So, in Coventry, England. Going back to Abu Dhabi, UAE.

How to?

Up at 7 a.m. (GMT) to write my last piece for The National (my assessment that Mahdi Ali is a good choice as senior team coach)  … and out of the nasty little hotel (which I chose) at 9.

Cab to the Coventry train station. Something like 5 pounds ($7.50).

Buy a ticket on the 9:31 a.m. train to London Euston. It’s still “peak” so they charge a ridiculously high fee of 69 quid (about $135!) for a 70-minute, one-stop ride to the capital.

From Euston, cab it over to the Green Park station (because you can’t easily get to the Piccadilly Line, from Euston, and I’m dragging luggage).

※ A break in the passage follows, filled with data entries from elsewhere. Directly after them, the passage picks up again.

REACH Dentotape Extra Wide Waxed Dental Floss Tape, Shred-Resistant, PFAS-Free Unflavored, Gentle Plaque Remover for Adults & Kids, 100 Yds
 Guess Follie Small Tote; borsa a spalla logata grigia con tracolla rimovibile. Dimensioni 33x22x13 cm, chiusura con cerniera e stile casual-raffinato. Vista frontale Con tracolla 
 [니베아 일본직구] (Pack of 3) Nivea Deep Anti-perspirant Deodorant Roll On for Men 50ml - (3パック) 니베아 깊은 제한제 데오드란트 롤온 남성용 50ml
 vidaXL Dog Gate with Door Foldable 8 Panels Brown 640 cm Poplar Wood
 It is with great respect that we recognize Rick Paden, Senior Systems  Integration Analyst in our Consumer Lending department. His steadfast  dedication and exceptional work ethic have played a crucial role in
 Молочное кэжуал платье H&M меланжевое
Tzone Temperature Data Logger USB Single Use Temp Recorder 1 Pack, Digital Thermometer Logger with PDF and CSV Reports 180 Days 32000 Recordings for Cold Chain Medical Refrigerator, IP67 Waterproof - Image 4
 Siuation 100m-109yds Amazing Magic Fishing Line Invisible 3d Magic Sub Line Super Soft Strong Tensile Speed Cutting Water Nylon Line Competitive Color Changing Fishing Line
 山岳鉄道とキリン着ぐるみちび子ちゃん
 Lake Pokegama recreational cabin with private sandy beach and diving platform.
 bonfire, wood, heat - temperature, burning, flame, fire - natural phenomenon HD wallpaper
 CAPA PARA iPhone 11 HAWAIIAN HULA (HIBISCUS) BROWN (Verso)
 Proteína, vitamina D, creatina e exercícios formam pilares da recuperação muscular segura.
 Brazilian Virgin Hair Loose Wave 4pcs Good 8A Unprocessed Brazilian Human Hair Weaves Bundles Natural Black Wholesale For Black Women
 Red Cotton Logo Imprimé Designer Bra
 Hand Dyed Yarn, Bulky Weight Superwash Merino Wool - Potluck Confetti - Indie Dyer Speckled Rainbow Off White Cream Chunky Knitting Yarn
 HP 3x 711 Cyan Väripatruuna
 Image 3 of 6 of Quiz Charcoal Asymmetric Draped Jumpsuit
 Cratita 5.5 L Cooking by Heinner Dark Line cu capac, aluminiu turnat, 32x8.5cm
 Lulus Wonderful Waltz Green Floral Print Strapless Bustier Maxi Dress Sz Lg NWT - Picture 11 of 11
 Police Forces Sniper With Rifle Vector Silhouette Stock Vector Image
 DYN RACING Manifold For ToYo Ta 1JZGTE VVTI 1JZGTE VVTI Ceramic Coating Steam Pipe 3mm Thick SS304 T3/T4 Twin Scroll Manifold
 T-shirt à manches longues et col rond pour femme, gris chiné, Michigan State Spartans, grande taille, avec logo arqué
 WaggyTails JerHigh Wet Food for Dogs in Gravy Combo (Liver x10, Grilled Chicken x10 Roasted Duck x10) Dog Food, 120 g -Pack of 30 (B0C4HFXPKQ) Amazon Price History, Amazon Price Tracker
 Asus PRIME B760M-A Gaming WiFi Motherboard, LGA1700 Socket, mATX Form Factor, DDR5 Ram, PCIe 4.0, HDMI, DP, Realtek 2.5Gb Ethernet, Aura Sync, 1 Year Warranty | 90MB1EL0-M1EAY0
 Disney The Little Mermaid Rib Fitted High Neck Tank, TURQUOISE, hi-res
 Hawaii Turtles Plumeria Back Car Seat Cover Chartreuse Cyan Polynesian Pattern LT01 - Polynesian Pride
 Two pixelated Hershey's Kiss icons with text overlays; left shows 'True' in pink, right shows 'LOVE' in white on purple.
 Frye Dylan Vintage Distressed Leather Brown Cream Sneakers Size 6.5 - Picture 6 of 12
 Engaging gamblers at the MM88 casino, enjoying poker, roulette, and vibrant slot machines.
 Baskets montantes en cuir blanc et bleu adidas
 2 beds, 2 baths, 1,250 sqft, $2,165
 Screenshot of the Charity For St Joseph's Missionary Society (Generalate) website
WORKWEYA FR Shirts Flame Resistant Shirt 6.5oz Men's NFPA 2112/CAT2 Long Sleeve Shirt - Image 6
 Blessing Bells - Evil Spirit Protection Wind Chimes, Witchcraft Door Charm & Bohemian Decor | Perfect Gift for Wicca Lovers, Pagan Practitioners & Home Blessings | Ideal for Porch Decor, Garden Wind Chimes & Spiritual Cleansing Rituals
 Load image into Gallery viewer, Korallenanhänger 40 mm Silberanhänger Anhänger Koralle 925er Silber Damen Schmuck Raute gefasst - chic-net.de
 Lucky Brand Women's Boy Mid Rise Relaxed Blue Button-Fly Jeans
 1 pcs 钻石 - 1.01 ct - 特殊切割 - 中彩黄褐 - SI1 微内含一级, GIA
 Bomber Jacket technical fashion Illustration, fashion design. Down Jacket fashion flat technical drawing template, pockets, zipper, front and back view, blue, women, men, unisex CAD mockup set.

Cab ride in the city, which is curiously empty.

(Well, not really all that curious, when we recall that predictions of gridlock in Olympic cities pretty much never come true, because so many people 1) heed the predictions of disaster and flee the city or 2) don’t drive, and this goes back at least to L.A. 1984, which older folks may still recall as the easiest time to drive around the city in modern history.)

Anyway, the cab ride still costs more than 10 pounds, which is $15. I am reminded how difficult it is to drive around London because a) they drive on the wrong side of the road, which is hell to manage if you’re not used to it) and b) the center of the city was never meant to support multiple lanes of traffic.

Down to the Piccadilly Line, with the bag and backpack, and pick up the tube heading to Terminal 4 of Heathrow, which is no short ride. A train comes up three minutes after I get there, and for once in my life I am going to be well and truly early.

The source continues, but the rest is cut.